½ cup (1 stick) unsalted butter, at room temperature
½ cup granulated sugar
1 tablespoon finely grated orange, lemon, or lime zest
1 large egg
1 teaspoon pure vanilla extract
½ teaspoon kosher salt
1¾ cups all-purpose flour, spooned and leveled, plus more for the work surface
decorating sugar (optional)
Sat fat 1g
How to Make It
Line 2 baking sheets with parchment. Using an electric mixer, beat the butter, granulated sugar, and zest on medium-high until light and fluffy, 2 to 3 minutes. Beat in the egg, then the vanilla and salt.

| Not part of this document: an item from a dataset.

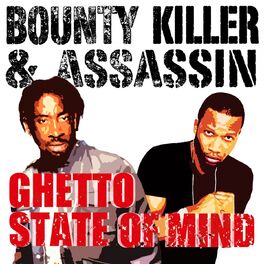 Album cover of Ghetto State of Mind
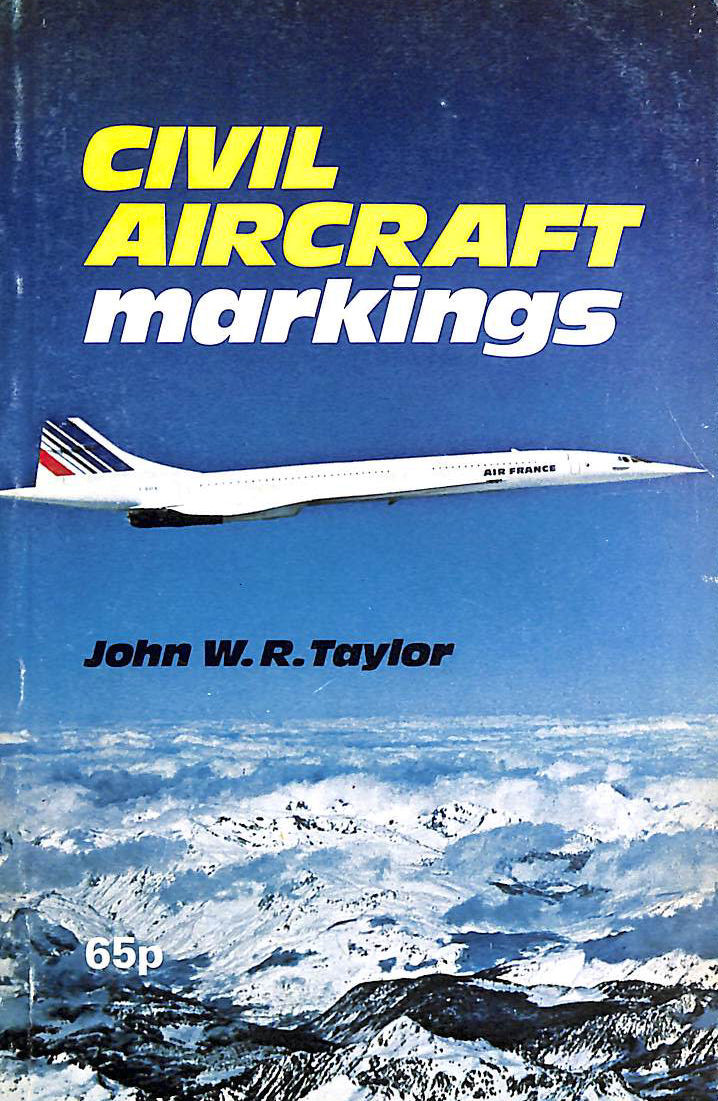 Civil Aircraft Markings 1976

Reduce mixer speed to low and gradually add the flour, mixing until just combined (do not overmix). Shape into a 1-inch-thick disk, wrap in plastic wrap, and refrigerate for at least 2 hours and up to 3 days.
Heat oven to 350° F. On a floured surface, roll the dough ¼ inch thick. Using lightly floured 2- to 3-inch cookie cutters, cut the dough into shapes, flouring the cutters and rerolling the scraps as necessary. Place the cookies 1 inch apart on the prepared baking sheets. Sprinkle with decorating sugar, if using.
Bake the cookies, rotating the baking sheets halfway through, until the edges just begin to brown, 12 to 15 minutes. Let cool slightly on the baking sheets, then transfer to a wire rack to cool completely.